4,700: The number of individuals arrested for violations of protection orders intended to prevent violence against woman under the STOP program.


This data, from 2007, is startling, because we know it only represents a fraction of the women who are victims of violence. One in every four women will experience domestic violence in her lifetime. An estimated 1.3 million women are victims of physical assault by an intimate partner each year, and one in six women will experience an attempted or completed rape at some time in her life.
Without a doubt supporting victims of DV is a good thing. A fast Wiki research reveals that VAWA provides a whooping 1,6 Billion $ to support those victims. That certainly is a lot of funding. But what about men?

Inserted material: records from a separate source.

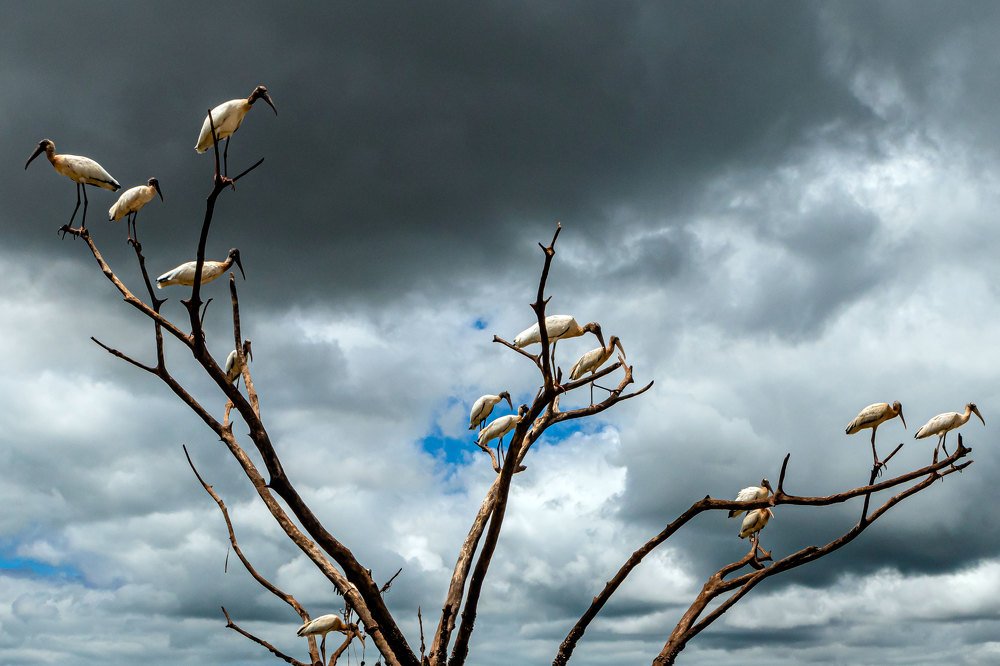 Photograph by HERIVALDO ALVES PEREIRA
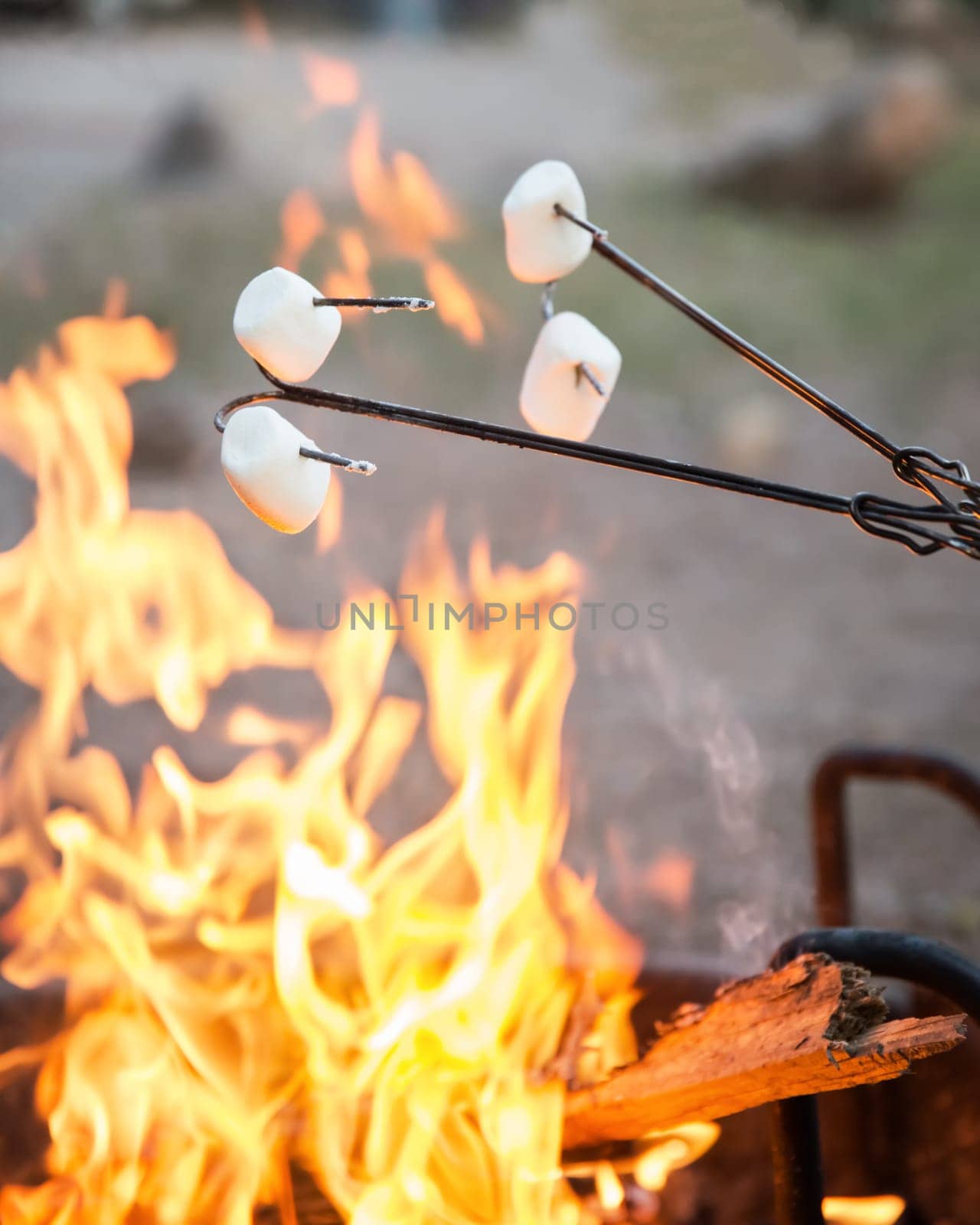 Camping food marshmallow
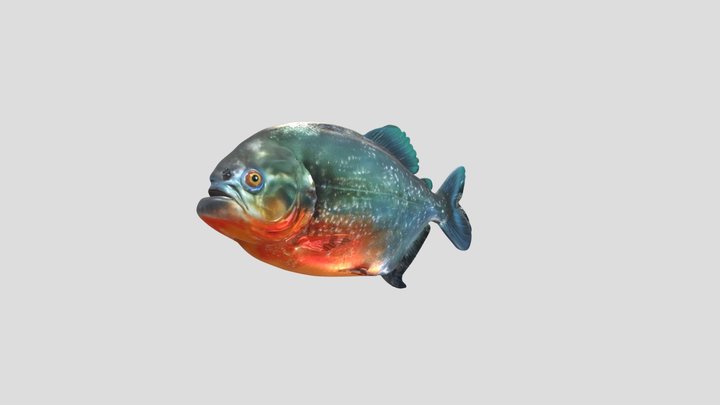 Red Pacu Piranha (Piaractus Brachypomus) 3D Model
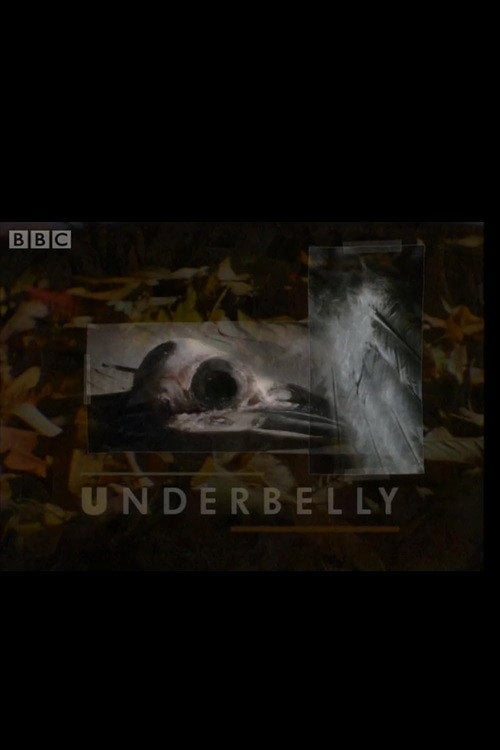 Series poster for Underbelly (1992)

Looking at the numbers above, I can instantly tell you that those numbers are from the National Violence Against Women Survey (NVWS). I cite
1.3 percent of surveyed women and 0.9 percent of surveyed men reported experiencing such violence (intimate partner violence) in the previous 12 months. Approximately 1.3 million women and 835,000 men are physically assaulted by an intimate
835,000 men or 39% of all yearly vitims found by that study are men. I seriously doubt that 39% of VAWA (which is by the way written gender-neutral) fundings were spent to support male victims. We also learn this from Wiki.
Many grant programs authorized in VAWA have been funded by the U.S. Congress. The following grant programs, which are administered primarily through the Office on Violence Against Women in the U.S. Department of Justice have received appropriations from Congress:
STOP Grants (State Formula Grants); Transitional Housing Grants; Grants to Encourage Arrest and Enforce Protection Orders; Court Training and Improvement Grants; Research on Violence Against Indian Women; National Tribal Sex Offender Registry; Stalker Reduction Database; Federal Victim Assistants; Sexual Assault Services Program; Services for Rural Victims;Civil Legal Assistance for Victims; Elder Abuse Grant Program; Protections and Services for Disabled Victims; Combating Abuse in Public Housing; National Resource Center on Workplace Responses; Violence on College Campuses Grants; Safe Havens Project; Services for Children and Youth Exposed to Violence;Engaging Men and Youth in Prevention.
The highlighted grant seems to be the only one that involves men. And it is not about male victims but prevention. Now I have more than once heard that MRAs should built there own shelters. The problem is not building shelters, the problem is funding.those shelters. Domestic Violence researcher Straus talks about VAWA and male victims here.
There is a small but increasingly influential men’s movement starting to change the political climate. For example, they have lobbied members of  Congress to make the renewed Violence Against Women Act gender inclusive. In New Hampshire, the legislature created a committee on the status of men. There is a hotline for male victims and another that is explicitly gender-inclusive. Both have been refused funding under the Violence Against Women Act; however, legal action is being taken to reverse that, just as legal action was crucial in the effort to force police and prosecutors to treat violence against women as the crime that it is.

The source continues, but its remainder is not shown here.